Emitters reliant on low-quality credits or lacking hedging strategies face rising price volatility and intensified regulatory scrutiny, particularly aviation, heavy industry, and freight.

In the UK, Offshore Wind Delays and Grid Constraints Will Strengthen the Case for Storage and Flexible Generation

WinnersStorage operators, flexibility providers (e.g., demand-side response aggregators such as Enel X (part of Enel SpA (ENEL on the Milan stock exchange)), grid-connected generation, power projects located near data centres, transmission and distribution (T&D) operators
LosersOffshore wind developers, merchant renewables (wholesale-exposed wind/solar without long-term contracts), energy-intensive industries in grid-constrained regions (e.g., steel, chemicals, data centre operators)
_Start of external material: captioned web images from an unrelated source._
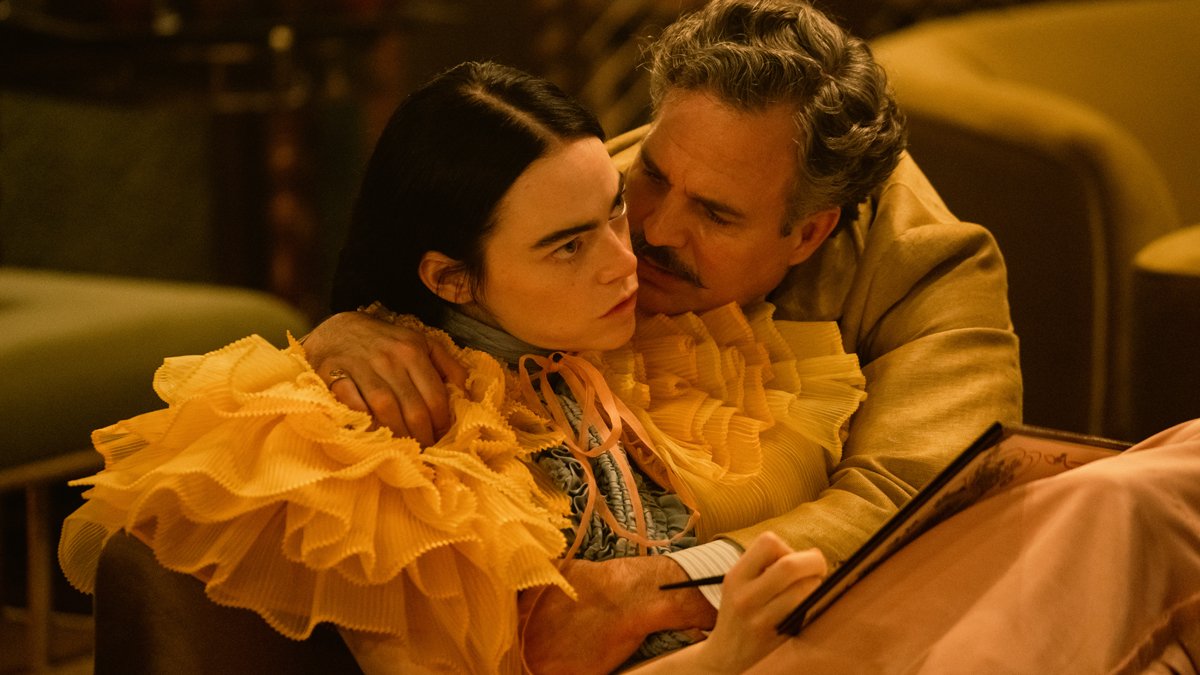 Yunan yönetmen Lanthimos'un yükselişi sürüyor: 'Altın Aslan'ın sahibi 'Poor Things' oldu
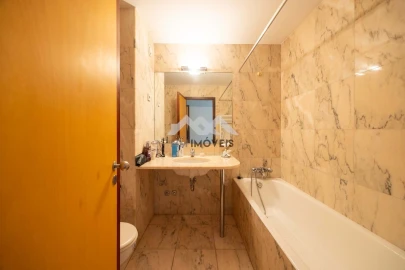 Apartamento T5 para Venda em Aldoar, Foz do Douro e Nevogilde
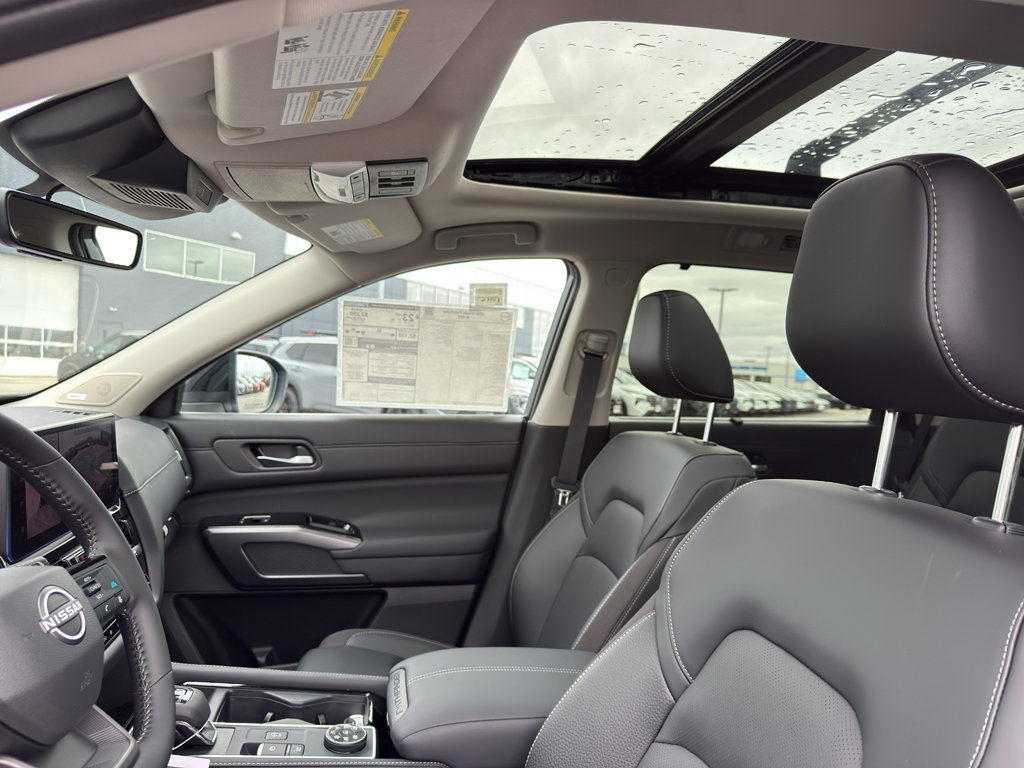 New 2026 Nissan Pathfinder SL image 26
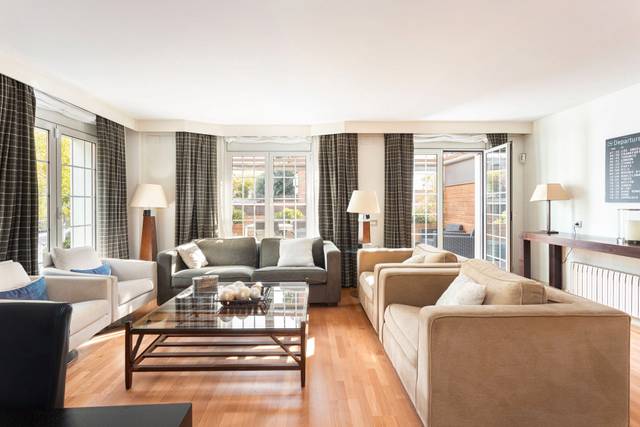 Casa adosada en Venta en Ronda del Canigó, 3 en La Mallola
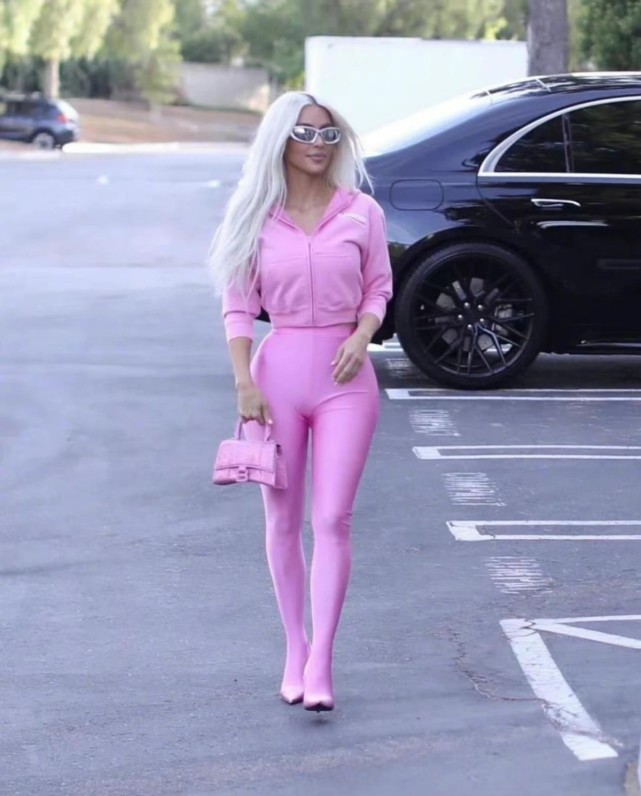 金卡戴珊瘦身好成功穿黑纱连体衣身材比以前还辣难怪迷住小男友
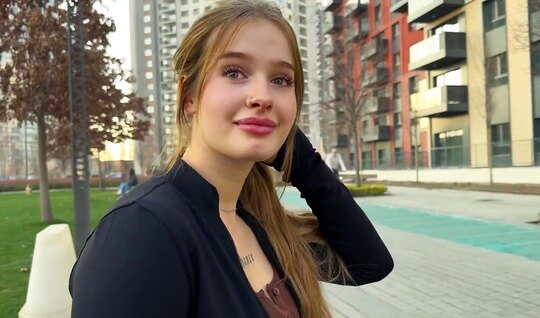 Деньги это самый лучший способ соблазнить на секс красивую соседку-студентку Деньги это самый лучший способ соблазнить на секс красивую соседку-студентку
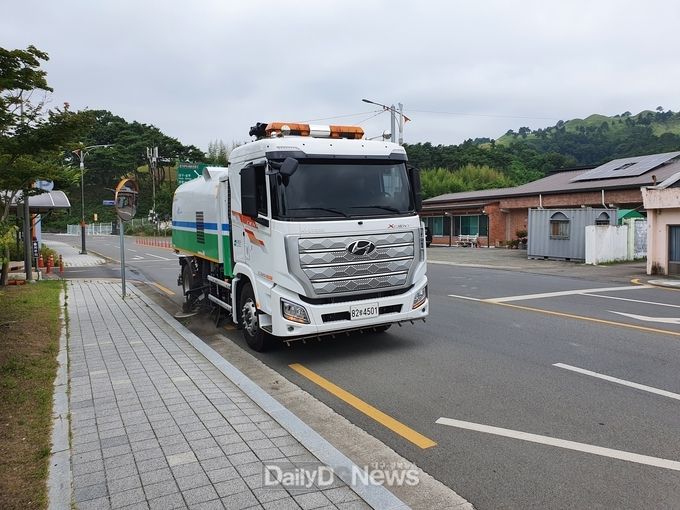 고령군, 친환경 도로노면 청소차 도입 운행
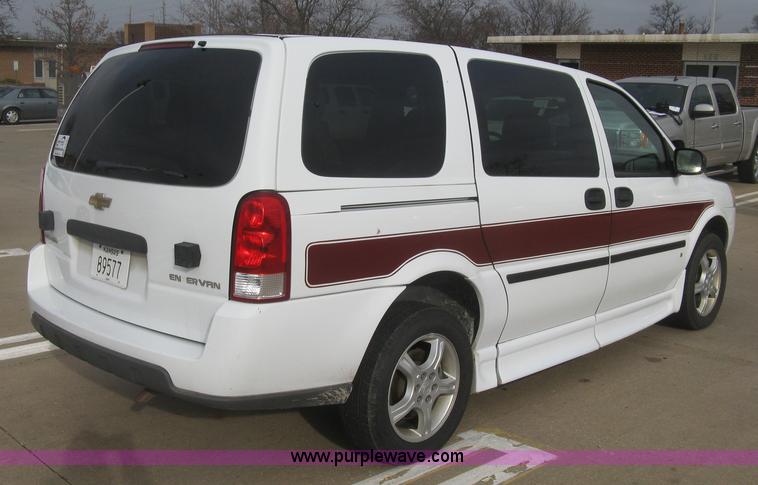 image for item H9287 2006 Chevrolet Uplander van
Capstone expects UK grid and planning constraints (including slow permitting, local opposition, and lengthy environmental reviews) to persist through 2026, despite Strategic Spatial Energy Planning and Allocation Round 7 (AR7) outcomes. Storage operators, flexible generation, and well-connected sites will continue to command a premium, while offshore wind developers, merchant renewables, and electrification-dependent industries face elevated execution risk in congested regions.

Offshore Wind Faces Economic and Planning Headwinds

Allocation Round 7, the next round of the UK’s offshore wind auction,  will test whether developer confidence can recover after recent offshore-wind auction failures driven by rising capex, supply chain constraints, and higher financing costs. Strategic Spatial Energy Planning aims to clarify priority development zones, but the UK grid reinforcement timeline remains misaligned with deployment ambitions and industrial demand.

Policy Uncertainty Compounds Execution Challenges Across Decarbonisation Sectors

Political debates over EV mandates, building heat rules, and interim sectoral targets add uncertainty. Planning timelines remain long, judicial reviews frequent, and local opposition increasingly organised.

Storage and Flexible Assets Gain Structural Advantage

Against this backdrop, flexible generation, storage, and well-connected sites maintain a structural advantage. Offshore wind and merchant renewable developers face higher execution risk due to grid access constraints, planning delays, and evolving market design.